A fine display of shooting stars is underway and peaks overnight Wednesday into early Thursday morning. Astronomers expect the 2004 Perseid meteor shower to be one of the best versions of the annual event in several years.
 
Watching meteors requires no special gear -- telescopes and binoculars are of no use. So anyone in the Northern Hemisphere with clear skies could see some "shooting stars."
 
Seasoned meteor watchers suggest finding a dark location away from city and suburban lights, if possible. Some brighter streaks will be visible from cities but urban lighting will drown out the bulk of them. Take a blanket or lounge chair so you can lie back and scan as much of the sky as possible, experts say.
 
Perseids can appear anywhere in the sky, but if traced back they will appear to emanate from a point in the constellation Perseus, which rises in late evening in the East and is high overhead in the wee hours before sunrise.
 
When to watch
 
During peak times, and for moments or perhaps hours at a stretch, the Perseids could generate about a meteor every minute for viewer's in dark locations. Sporadic brief bursts of a few in a single minute sometimes occur.
 
A good display could begin Wednesday night starting around 9 p.m. local time for those with dark skies.
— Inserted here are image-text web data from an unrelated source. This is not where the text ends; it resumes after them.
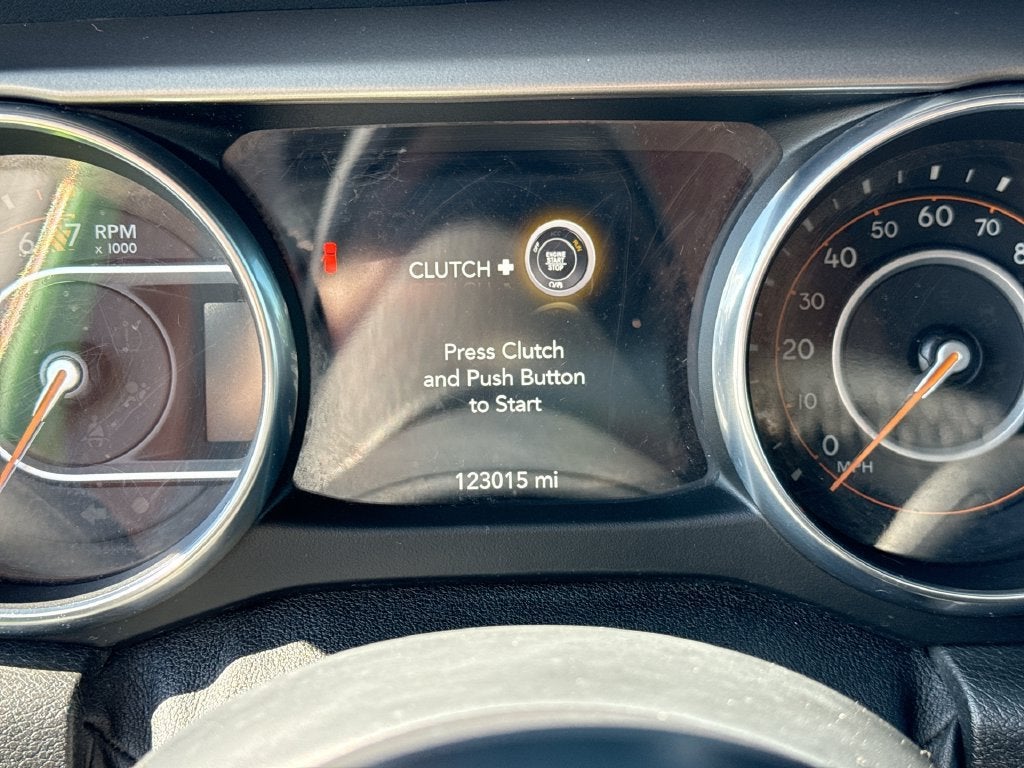 2018 Jeep Wrangler Unlimited Sport S 4x4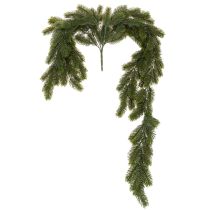 Artikel Kunstmatige dennentak voor kersttafeldecoratie 108 cm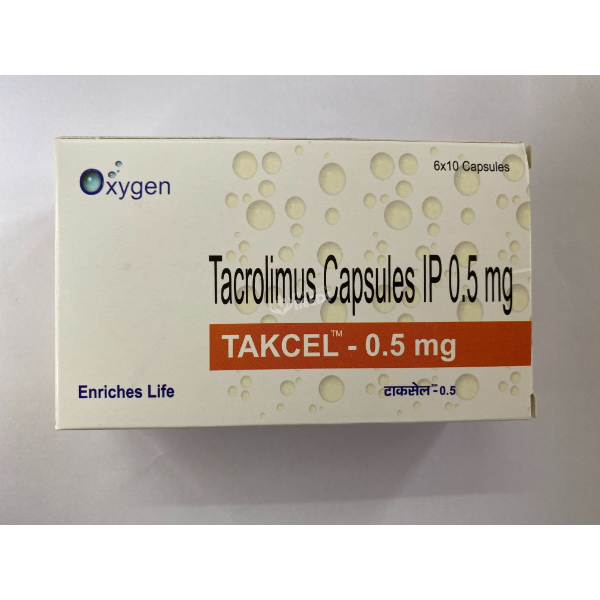 Takcel 0.5mg Capsule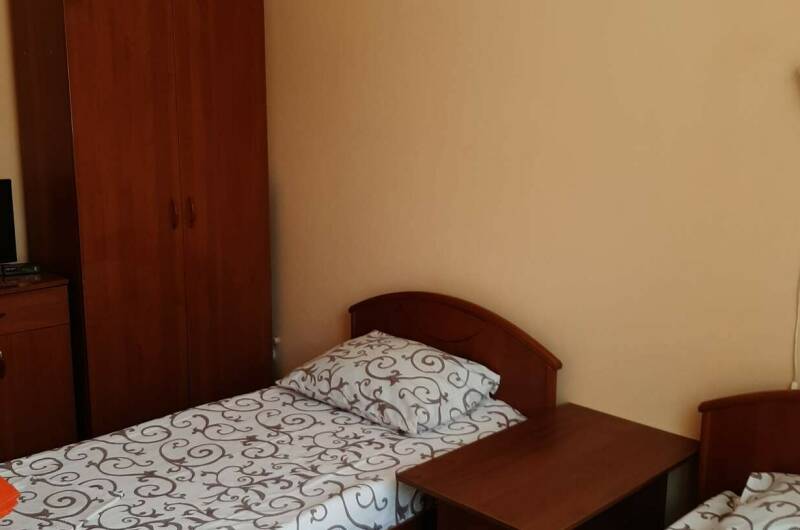 Семейный двухкомнатный номер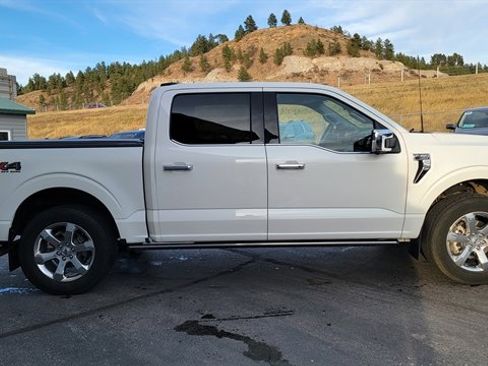 Used 2022 Ford F150 Lariat w/ Equipment Group 502A High image 4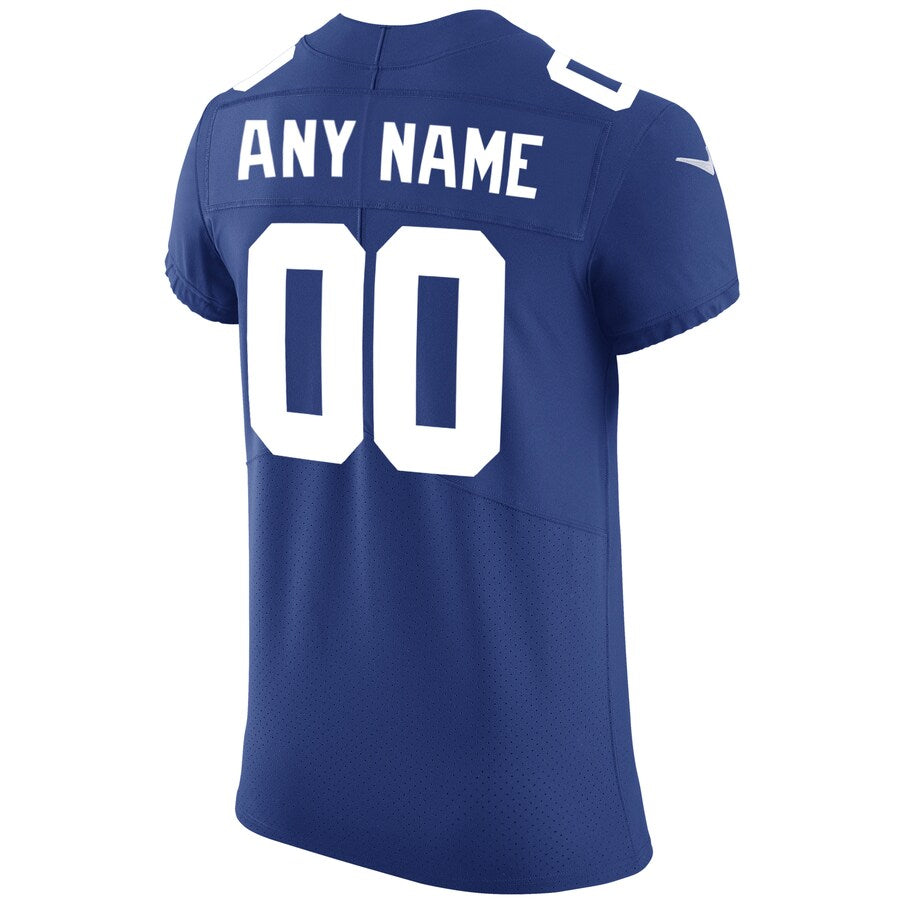 New York Giants Royal Custom Royal Football Jersey product image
Because of the celestial mechanics involved, a few "earthgrazing" meteors could emerge from near the horizon in these late evening hours and race horizontally across the sky.
 
The hours from 2 a.m. until dawn local time Thursday will be the best. That is when the side of Earth you stand on faces the oncoming stream of debris that creates the shower. Like an ornament on the hood of a car, a predawn viewer sees bits of ancient comet dust being scooped up by Earth's atmosphere as the planet plunges on its orbital course around the Sun. Nighttime meteors have to catch up to the planet.
 
As a bonus Thursday, a thin crescent Moon will appear near Venus in the eastern predawn sky. Venus is unmistakably bright, outshining all other stars and planets right now.
 
Unlike last year when a Full Moon outshone many Perseids, this year the thin Moon won't be much of a hindrance.
 
Behind the shower
 
The Perseids are the result of stream of debris in space laid down by comet Swift-Tuttle, which orbits the Sun every 130 years and spends most of its time in the far reaches of the solar system. On each pass inward, bits of dust -- mostly the size of sand grains but sometimes as big as marbles -- boil from the comet's surface. When Earth passes through the debris each August, the bits are vaporized in the atmosphere.
 
 
"Expect 40 to 60 meteors per hour, some of them bright," says Bill Cooke, a researcher at NASA's Marshall Space Flight Center.
 
An even busier shower might await skywatchers in Europe, Africa and Asia. Astronomers predict Earth will pass through a dense portion of the stream at around 4:50 p.m. ET (20:50 GMT) on Wednesday. The Perseids typically do not put on much of a show south of the equator.
 
The Perseids have been ramping up for about two weeks. The activity will drop off rapidly after Thursday morning but stragglers will appear for up to a week. Other meteors not associated with the Perseids are also visible this time of year.